Generate both word clouds using the example provided in the [GitHub repo](https://github.com/amueller/word_cloud) (with slight modifications).

In [1]:
from PIL import Image
import numpy as np
import matplotlib.pyplot as plt
from wordcloud import WordCloud, STOPWORDS

In [2]:
def make_word_cloud(input_text, mask, output_file_name, stopwords=None, extra_stopwords=None,
                    background_color = "white", max_words=2000):
    """
    Uses 'word_cloud' to generate word cloud and write it to .png file.
    """
    
    # Read the whole text
    text = open(input_text).read()
    # read the mask image
    mask = np.array(Image.open(mask))
    
    stopwords = set(stopwords)

    if extra_stopwords is not None:
        for word in extra_stopwords:
            stopwords.add(word)

    wc = WordCloud(background_color=background_color, max_words=max_words,
                   mask=mask, stopwords=stopwords)
    
    # generate word cloud
    wc.generate(text)
    # store to file
    wc.to_file(output_file_name)


## Stop words

Before running the function to generate the word clouds, it is worth looking a bit more in depth at the _stop word_ collections. In natural language processing, a basic step is to remove common, uninformative words that will otherwise overwhelm the counts with little or no information power.

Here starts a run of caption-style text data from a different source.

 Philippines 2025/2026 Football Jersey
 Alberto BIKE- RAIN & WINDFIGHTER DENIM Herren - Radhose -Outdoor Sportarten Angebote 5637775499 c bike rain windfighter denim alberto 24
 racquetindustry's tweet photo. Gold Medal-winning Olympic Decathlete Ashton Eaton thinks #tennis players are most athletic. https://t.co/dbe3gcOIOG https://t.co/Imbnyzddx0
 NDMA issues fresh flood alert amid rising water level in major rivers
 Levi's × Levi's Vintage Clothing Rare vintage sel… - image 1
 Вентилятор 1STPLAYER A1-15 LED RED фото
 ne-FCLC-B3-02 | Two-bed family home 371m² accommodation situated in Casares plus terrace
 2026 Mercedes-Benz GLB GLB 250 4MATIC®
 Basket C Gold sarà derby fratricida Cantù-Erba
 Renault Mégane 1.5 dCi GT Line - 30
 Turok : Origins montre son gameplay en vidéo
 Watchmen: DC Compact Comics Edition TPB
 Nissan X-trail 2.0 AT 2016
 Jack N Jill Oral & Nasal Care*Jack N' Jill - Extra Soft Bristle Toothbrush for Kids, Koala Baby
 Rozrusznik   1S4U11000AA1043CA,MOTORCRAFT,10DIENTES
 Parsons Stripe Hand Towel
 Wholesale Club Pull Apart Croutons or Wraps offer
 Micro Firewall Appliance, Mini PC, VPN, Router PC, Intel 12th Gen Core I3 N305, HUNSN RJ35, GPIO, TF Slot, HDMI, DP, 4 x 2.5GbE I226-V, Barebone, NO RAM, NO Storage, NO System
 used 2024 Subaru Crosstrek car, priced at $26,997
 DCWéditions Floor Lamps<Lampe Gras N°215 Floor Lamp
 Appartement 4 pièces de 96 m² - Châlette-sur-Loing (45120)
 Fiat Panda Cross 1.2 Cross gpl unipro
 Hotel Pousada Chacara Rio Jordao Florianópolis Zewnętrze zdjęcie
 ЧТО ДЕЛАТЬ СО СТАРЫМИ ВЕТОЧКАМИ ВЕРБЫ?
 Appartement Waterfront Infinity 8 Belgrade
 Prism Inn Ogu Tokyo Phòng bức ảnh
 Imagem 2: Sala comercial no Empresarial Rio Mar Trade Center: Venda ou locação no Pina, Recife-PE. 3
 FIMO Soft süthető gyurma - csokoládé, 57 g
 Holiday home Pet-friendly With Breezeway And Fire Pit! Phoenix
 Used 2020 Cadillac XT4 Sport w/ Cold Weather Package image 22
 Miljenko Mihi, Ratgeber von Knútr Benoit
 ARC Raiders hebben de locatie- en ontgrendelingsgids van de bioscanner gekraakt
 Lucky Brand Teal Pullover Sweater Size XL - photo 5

The English _stop word_ collection included with `word_cloud`, as well as those provided by the package `NLTK`, are rather small. If the generated cloud worked well for English, the French cloud is still dominated by common words. It is worth getting a more comprehensive collection from a specialized website, in order to bring out more informative words.

In [21]:
# For French we need to get stopwords elsewhere
# Let's get NLTK's collection
from nltk.corpus import stopwords
english_sw = stopwords.words('english')
french_sw = stopwords.words('french')
print len(STOPWORDS)
print len(english_sw)
print len(french_sw)

183
153
155


In [4]:
make_word_cloud(input_text="ThePossessed.txt", mask="devil_stencil.jpg",
                output_file_name="ThePossessed.png", stopwords=STOPWORDS)

In [20]:
make_word_cloud(input_text="LesPossedes.txt", mask="devil_stencil.jpg",
                output_file_name="LesPossedes.png", stopwords=french_sw, extra_stopwords=["les"])